Anybody who would buy overpriced, overrated stock like Amazon is in for a rude lesson in life. That’s beside the point. He is not allowed to freak out idiots who bought his stock. If it turns out that he was manipulating his stocks in order to personally profit, it’s jail-time for Bezos (in a fair world, that is).
So what and so what and so what. Really this article is from OVER 2 YEARS AGO. Has nothing to do with any changes in stock price this week. You are showing exactly why ass-u-me is a bad habit. There’s nothing suspicious about saying something and having the stock price change 25 MONTHS later. It’s not probable cause, it fake news.
Oh look then you turn around and say Amazon stock is overpriced. Thus giving a much better reason why the price may have dropped than a TWO YEAR OLD STATEMENT.
Face it, you’re full of crap, making things up just to sound smart. But you don’t sound smart. You sound silly. Find something he said 2 weeks ago. Then MAYBE you’ve got something. This ain’t cutting it, this is just you ass grabbing.
Ecclesiastes and free enterprise.
I have heard talk of a push to unionize Amazon workers ...
Forget about the warehouses, they will be automated soon. I know folks who work in AWS and other tech areas of amazon and they love the innovative atmosphere and the low bureaucracy.
yep, its the same with kingdoms and countries. They all fail eventually.
Bezos is just stating a fact.
“Sears didn’t fail because it was too old, cronyism and bad leadership did them in.”
Maybe getting old is synonymous with cronyism and bad leadership.
Cut all trade with China and Amazon is out of business
Sears could have been Amazon, if they had had leadership with vision.
Sears WAS the Amazon of its time.
One of the hardest things for a successful manager to do is change the operating procedures that made him a success.
Adapt or die.
Bezos has made the same comment dozens of times since he started Amazon. It’s basically just a truth of business. All businesses fail eventually. Be in in a year or 150 years. He wasn’t predicting Amazon’s imninent demise. He was simply waxing philosophical about universal business truths. Weird how this time the markets took him seriously though.

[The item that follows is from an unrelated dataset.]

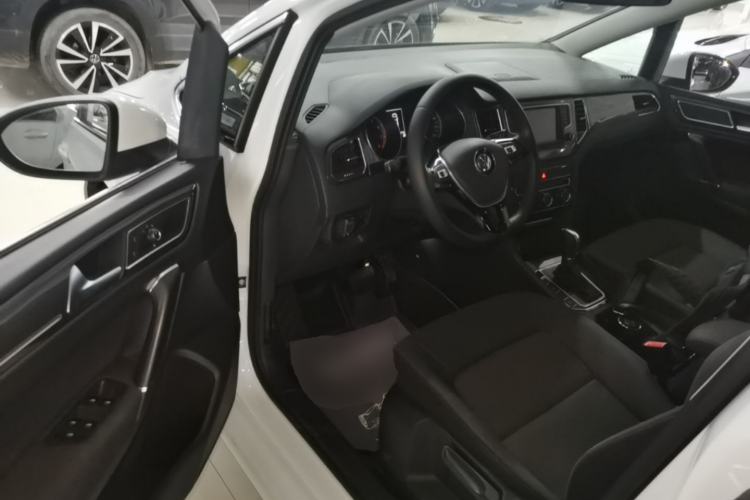 Used Volkswagen Golf Sportsvan 2016 230TSI Automatic Trend Edition Driver Seat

Bezos is being philosophical.
He’s not saying Amazon is failing now. He’s saying, eventually, all businesses fail—just as all nations eventually fail (including the USA).
IMHO, the biggest threat to Amazon at the moment are Chinese counterfeit products. When Amazon opened the door to independent sellers, it opened Pandora’s box. Amazon has been flooded by cheap, Chinese knockoffs and outright fake products.
I think twice about buying anything from Amazon anymore, because I can’t be sure the product is genuine.
Nike withdrew all its products from Amazon, because there were so many counterfeit Nike products. Yet, are still Nike products all over Amazon. How many of those products are fakes? I’d venture most of them are, considering Nike doesn’t sell on Amazon.
And what is Amazon doing about it? It seems nothing.
Eventually this is going to catch up with them.
Yep, there's an interesting Youtube video on the rise and fall of Sears. They and Montgomery Wards (also gone) once ruled the non-grocery retail business. Sears was particularly interesting though, when Amazon was just getting started some of the more visionary employees thought Sears should use their billions and crush Amazon and conquer the internet retail market (and they easily could have). The CEO at the time shot down the proposal calling internet retail a "fad" and stated that customers would always prefer a physical catalog to shop out of.